What EPMS provides when done well:

• Real-time visibility into electrical system state across the facility
• Energy consumption data for sustainability reporting, cost allocation, and demand response
• Power quality monitoring for sensitive loads
• Alarming on abnormal conditions (overloading, voltage events, equipment trips)
• Historical data for trending and predictive maintenance
• Sequence-of-events recording for fault analysis

What EPMS doesn’t do: replace protective relaying, replace the BMS, or generate operational value if no one looks at the dashboards.

EPMS platforms

Common EPMS platforms in the commercial and industrial market:

• Schneider Electric Power Monitoring Expert (PME) — Long market history, broad device support, on-premise or cloud deployment.
• Eaton Power Xpert Insight / PXM — Strong integration with Eaton equipment, networked across platforms.
• ABB Ability eDrives / Cylon — Less common in US commercial; more common in industrial/utility applications.
• Generic SCADA-based EPMS — Wonderware, GE iFIX, Ignition, and other industrial software platforms configured for electrical applications. Common in industrial customer environments.
• Cloud-native platforms — Schneider EcoStruxure, Eaton xPert Connect, and various startup offerings. Growing rapidly but maturity varies.

What to monitor and where

Common EPMS monitoring points by hierarchy:

Service entrance level

• Utility revenue meter data (kWh, kW peak demand)
• Main breaker status and trip data
• Utility power quality (voltage, frequency, harmonics)

Major distribution level

• Each major feeder breaker status, current, power factor
• Transformer temperature, loading, tap position
• MV switchgear protection relay status and trip data

Submetering level

• Major load groups (HVAC, lighting, process, kitchen) for energy allocation
• Tenant submetering in colocation or mixed-use buildings
• Critical load monitoring (refrigeration plants, IT loads, etc.)

Backup power systems

• Generator status, run hours, fuel level, alarms
• ATS position and transfer history
• UPS status, battery health, load percentage

Where EPMS deployments go wrong

• Over-monitoring. Specifying meters on every panel and every motor creates massive data volume that operations teams can’t use. Better to monitor strategic points well.
• No data consumer. The EPMS is installed but no one looks at the dashboards. Without operations engagement during design, the system becomes "installed and forgotten."
• Network architecture errors. Modbus TCP traffic on the same network as BACnet/IP traffic, network segmentation issues, IT/OT boundaries not properly defined. Reliability problems and security exposure.
• Sensor placement errors. CTs installed on wrong conductors, voltage taps from wrong phases, polarity errors. Discovered during commissioning if you’re lucky, much later if not.
• Time synchronization missing. Sequence-of-events analysis requires all devices time-synchronized to within a few milliseconds. NTP setup on the EPMS network is often overlooked.
• Cybersecurity afterthought. EPMS connects to corporate networks and cloud services. Vulnerability management, patching, and access control need to be designed in, not retrofitted.

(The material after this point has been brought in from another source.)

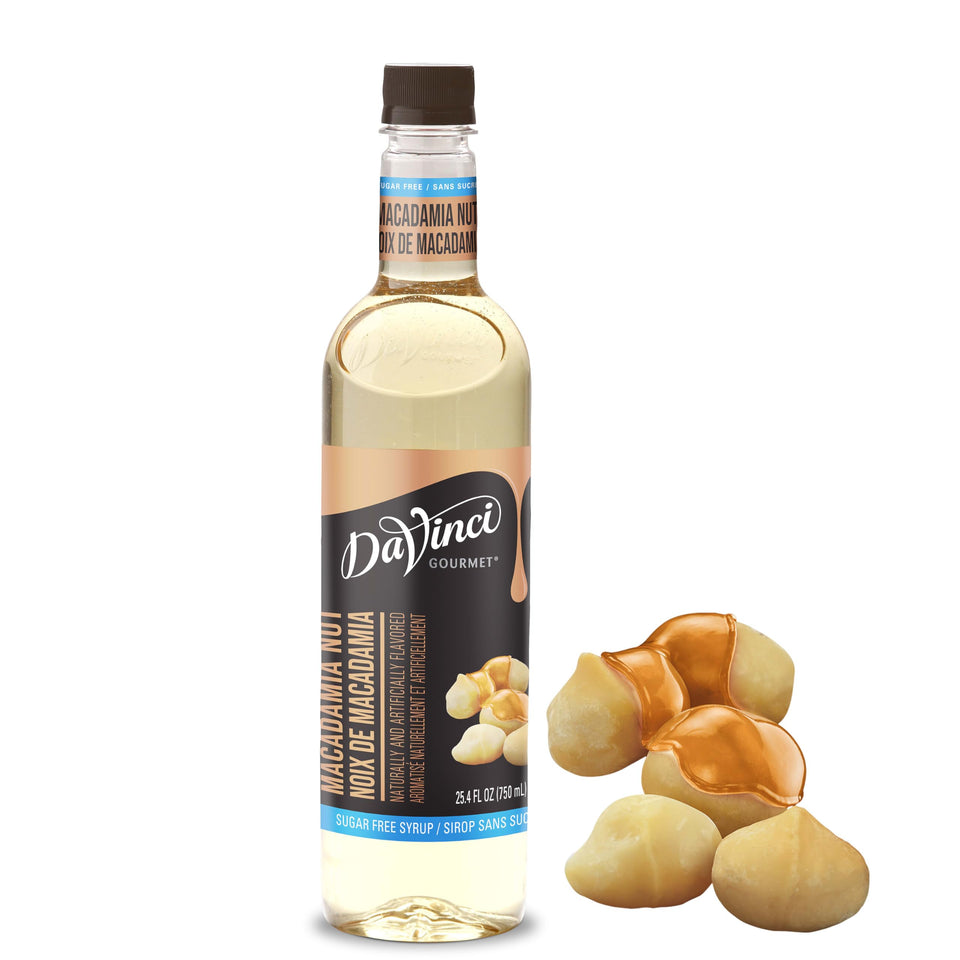 DaVinci Gourmet sugar-free macadamia syrup bottle delivering rich nutty flavor without sugar.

How to design an EPMS that actually gets used

1. Define the operational use cases first

What questions will operations actually ask the EPMS? Energy cost allocation? Demand response participation? Critical load monitoring? Equipment health trending? Different use cases drive different monitoring points and different platform selection.

2. Engage operations during design

The people who will use the system after handover should review the design before construction. Their input on dashboard layout, alarm thresholds, and reporting requirements shapes whether the system gets used.

3. Plan for operational support

EPMS requires ongoing software updates, configuration management, and platform support. Plan for who provides this support and how the service contract is structured. Many EPMS deployments fail operationally because no one owns the platform after handover.

4. Build in cybersecurity from start

Network segmentation, firewall rules, account management, vulnerability scanning. These need to be defined during design, not bolted on after deployment.

5. Specify training requirements explicitly

System training for facility engineering staff. Documentation including specific use case walkthroughs, not just "here’s the manual." Refresher training annually for the first few years.